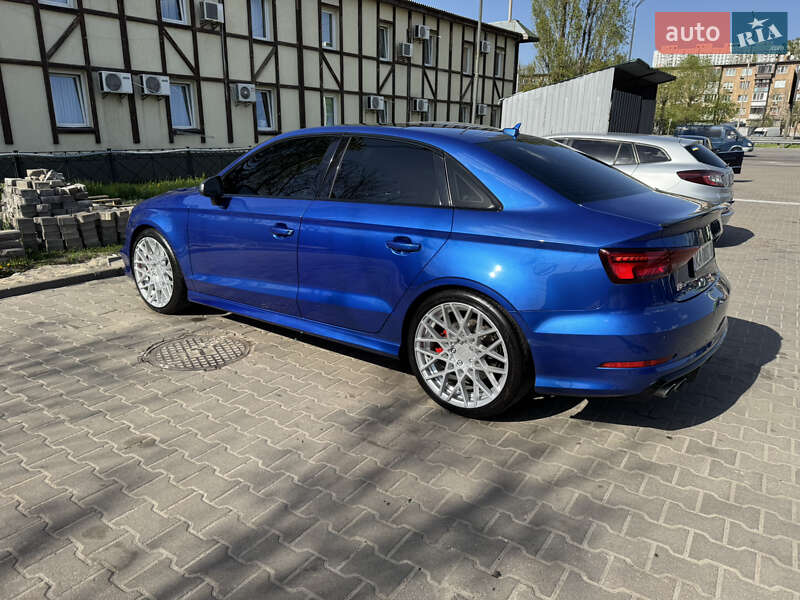 Седан Audi S3 2014 в Киеве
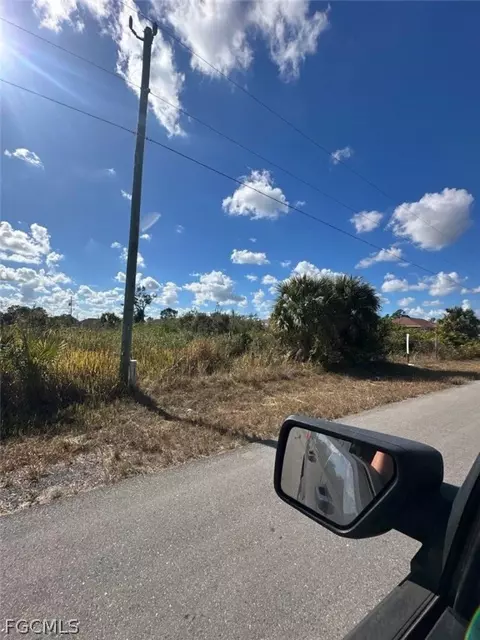2915 63rd St W, Lehigh Acres, FL 33971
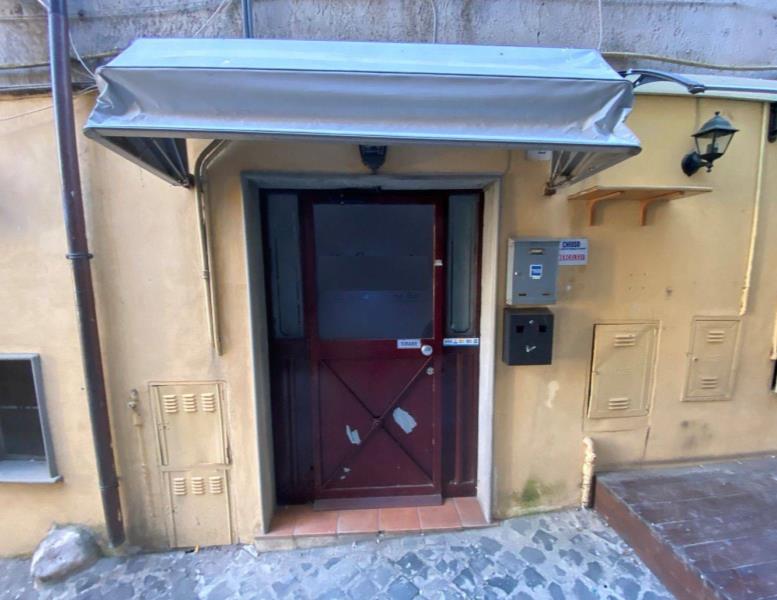 locale commerciale in vendita a Palestrina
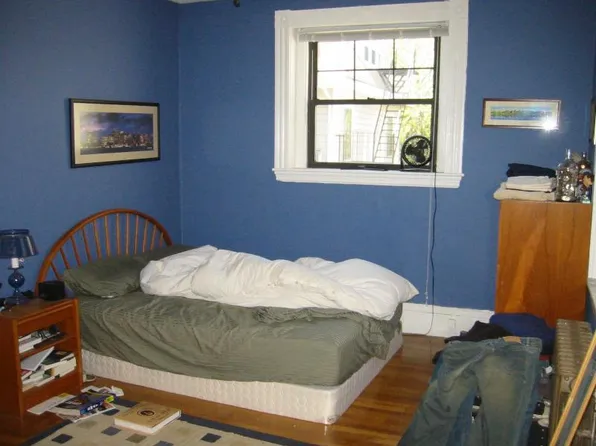 54 Babcock St #8, Brookline, MA 02446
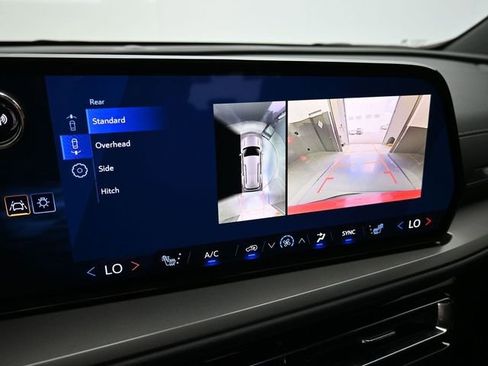 New 2026 Chevrolet Traverse LT w/ Driver Confidence Package image 25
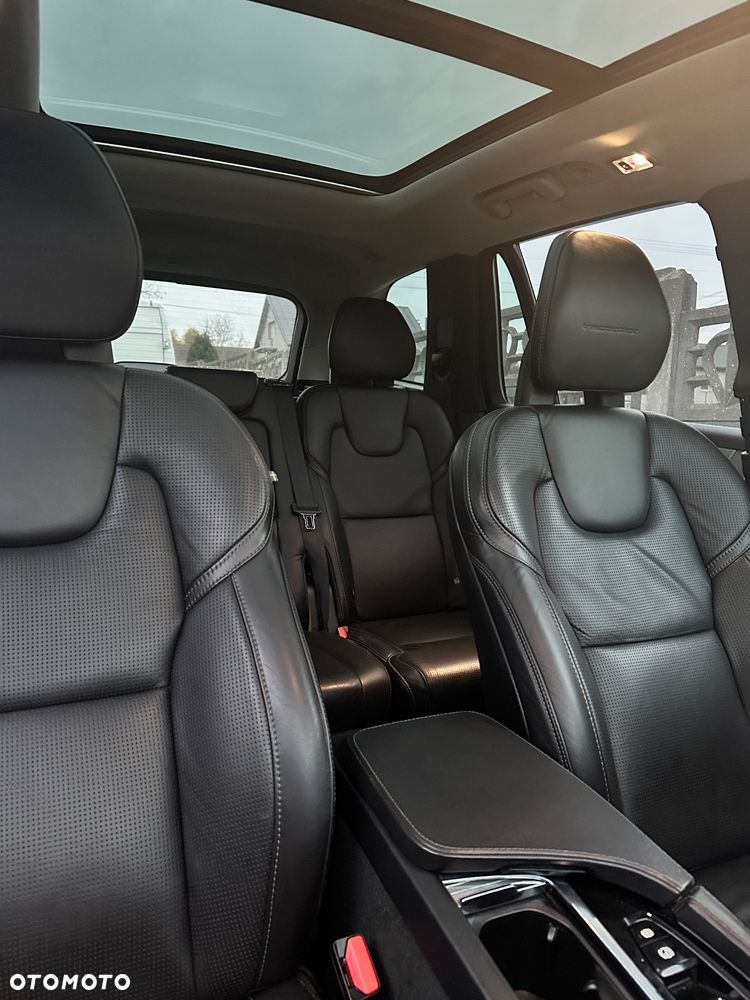 Volvo XC 90 D5 AWD Inscription - 8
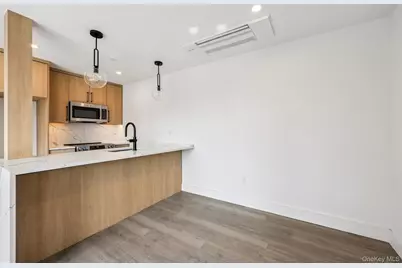 325 Manville #201, Pleasantville, NY 10570 - Photo 3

################

Write out the entries above verbatim, without pictures.

### Result
 Седан Audi S3 2014 в Киеве
2915 63rd St W, Lehigh Acres, FL 33971
 locale commerciale in vendita a Palestrina
 54 Babcock St #8, Brookline, MA 02446
 New 2026 Chevrolet Traverse LT w/ Driver Confidence Package image 25
 Volvo XC 90 D5 AWD Inscription - 8
 325 Manville #201, Pleasantville, NY 10570 - Photo 3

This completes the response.